The atmosphere at the 2009 Tokyo Motor Show is almost surreal.
Every major manufacturer outside Japan pulled out of event, even the Chinese didn't pitch up.
Apart from true British specialist makers Lotus and Caterham, only BMW tuner Alpina saw fit to attend the 41st Tokyo show, leaving the domestic makers a clear field.
Motor Shows, it seems, are a high profile casualty of the economic downturn. Small numbers of automakers have this year not shown up at Detroit and Frankfurt but this is the first time one of the 'big five' shows - which also include Geneva and Paris - has been so badly affected.
Interestingly, earlier this year, everyone showed up at China's annual show. Could this be the end of motor shows as we know them?
Japan is hurting. Its population is shrinking and car sales are falling as people find car ownership in the country's crowded cities an increasing hassle. Parking is expensive and roads congested. Another headache for car chiefs is a decreasing interest in cars among young people.
According to a Reuters report, in Tokyo, home to one tenth of Japan's population, car ownership is under 0.5 per household, less than half the national average.

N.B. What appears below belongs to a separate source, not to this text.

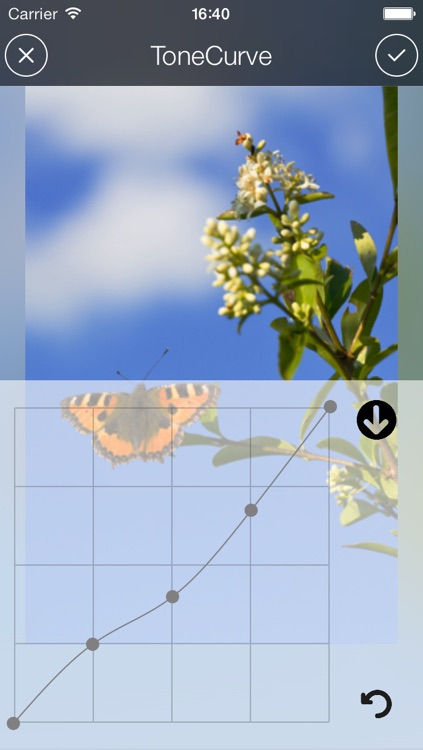 Picoli - easy photo and image editor screenshot-3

For the financial year to next March the Japanese Auto Makers Association (JAMA) predicts that car and truck sales will hit a 32-year low of around 4.3m vehicles, a drop of 8% from last year, despite reduced taxes and other incentive schemes aimed at slowing the slide.
At the show itself there were 19 world premieres, down from 37 two years ago, while floor space has been reduced by over half.
But the Japanese carmakers put on a brave face. At least Tokyo has given them the chance to display their latest technologies, most of them green.
The three halls are 'padded' out with everything from displays of former cars of the year, to childrens' car art, from Scalextric-style games to a stand displaying the virtues of the nearby Disney resort.
Then there are motorcycles. Lots of them mingling with their four-wheel friends, and, in the case of Honda and Suzuki, even sharing their stands. Who would have thought?